Lo demás es trabajo pesado. Tienen que recuperar la bala que no salió. Mandan a tomarle una radiografía para localizar el proyectil. Cuando regresa de rayos X, Pablo hace una incisión en la frente con un escalpelo y le retira el cuero cabelludo. Con la placa descubren dónde está alojado. Abre el cráneo con una segueta y retira la tapa o calota. Realizan un corte rápido y sacan el cerebro, una víscera más, como su corazón, antes la central nerviosa que tuvo potestad sobre un cuerpo, ahora amarillento, rodeado de gente que no conoció en vida. El doctor dictamina laceración del encéfalo por arma de fuego. Sobre una tabla traza la trayectoria, ayudado por una varilla delgada. Por fin extraen la bala. Me la muestran. Es de plomo, como la mayoría con las que se matan los colombianos. La razón: son baratas. Una pinza la sostiene. Está destrozada pero las pequeñas estrías que dejó el cañón del revolver serán claves para un cotejo balístico.

Pablo se pone a trabajar con las entrañas. Tuvo que hacer una incisión en Y sobre el esternón para sacarlas en una sola pieza, que va desde la lengua hasta el recto. Las revisa y las guarda en una bolsa roja con avisos de peligro, que volverá a meter en el cuerpo antes de coserlo en escasas puntadas con una aguja de quince centímetros e hilo de cáñamo grueso. En la funeraria, cuando lo arreglen, se encargarán de ellas.

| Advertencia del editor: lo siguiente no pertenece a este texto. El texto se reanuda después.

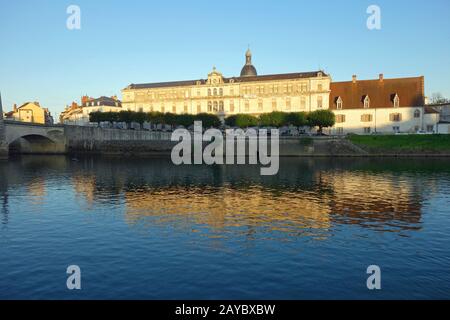 Chalon-sur-Saône en France Banque D'Images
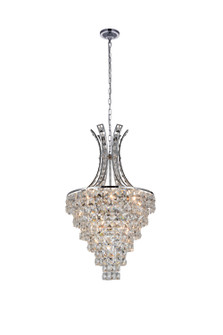 Chique Nine Light Chandelier in Chrome (401|5685P16C)
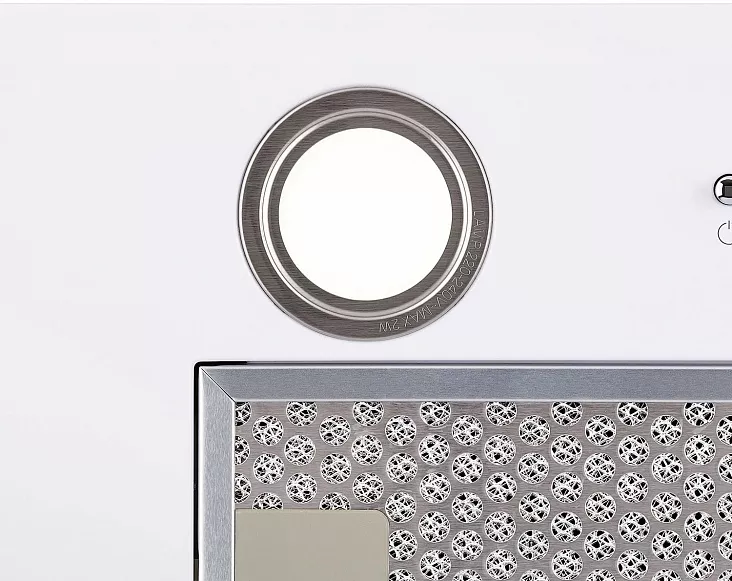 Полновстраиваемая вытяжка Krona SELINA 600 WHITE PB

Lo último que debe hacer es tomar una muestra del humor vítreo. Esta masa gelatinosa en el globo ocular, detrás del cristalino, es la más confiable a la hora de rastrear drogas o alcohol. La jeringa hundiéndose en el ojo termina por derrotarme y la cadaverina hace rato que inunda mis fosas. Me ataca un rapto claustrofóbico y estoy pensando de más en un muerto que no es mío. Salgo de la sala. En el corredor hay más cadáveres. Un bebé, otra mujer con la cara amoratada. Su marido la mató a golpes.

Mi primer muerto era muy parecido al Flaco. Un joven ladronzuelo, con los sesos regados sobre una acera, detrás de una fila de busetas, cerca a Corabastos. Lo vi el día en que acompañé a un reportero judicial en su ronda habitual. Con los dos me soñé la siguiente noche a la que murieron. El ladronzuelo corría sin parar, el Flaco estaba en una colina, de espaldas, rodeado de un montón de perros y gallos. No se oían disparos, lo que me hizo pensar que descansa en paz.